Live album by New Riders of the Purple Sage
- Released: 1993
- Recorded: 1975
- Genre: Country rock
- Label: Relix

New Riders of the Purple Sage chronology
| The Relix Bay Rock Shop, No. 1 (1992) | Live on Stage (1993) | Live in Japan (1994) |

= Live on Stage (New Riders of the Purple Sage album) =

Live on Stage is an album by the country rock band the New Riders of the Purple Sage. It was recorded live in 1975 at the Beacon Theatre in New York City and at the Keystone in Berkeley, California. It was released by Relix Records in 1993.

Professional ratings
Review scores
| Source | Rating |
| Allmusic | Star |

==The history of Live on Stage==

Tracks 1–6 were recorded on November 14 and/or November 15, 1975, at the Beacon Theatre in New York.
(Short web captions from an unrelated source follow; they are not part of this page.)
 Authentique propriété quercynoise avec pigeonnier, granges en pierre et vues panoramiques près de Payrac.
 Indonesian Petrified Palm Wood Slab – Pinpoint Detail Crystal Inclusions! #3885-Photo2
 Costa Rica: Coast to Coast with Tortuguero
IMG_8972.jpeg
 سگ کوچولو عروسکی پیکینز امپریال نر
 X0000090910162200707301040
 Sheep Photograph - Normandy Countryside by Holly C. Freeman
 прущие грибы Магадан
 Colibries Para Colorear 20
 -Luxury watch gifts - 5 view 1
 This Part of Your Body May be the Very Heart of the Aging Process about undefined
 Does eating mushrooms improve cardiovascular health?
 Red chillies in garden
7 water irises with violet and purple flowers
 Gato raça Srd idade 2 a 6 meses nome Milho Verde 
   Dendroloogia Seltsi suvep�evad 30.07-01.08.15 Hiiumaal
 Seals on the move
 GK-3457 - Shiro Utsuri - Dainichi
Tracks 7–10 were recorded on May 17, 1975, at the Keystone in Berkeley.

Bluegrass fiddle player Vassar Clements sits in on two songs: "Glendale Train" and "Nadine".

The cover photo, by Mary Ann Mayer, depicts, from left to right, Spencer Dryden, John "Marmaduke" Dawson, David Nelson, Skip Battin, and Buddy Cage.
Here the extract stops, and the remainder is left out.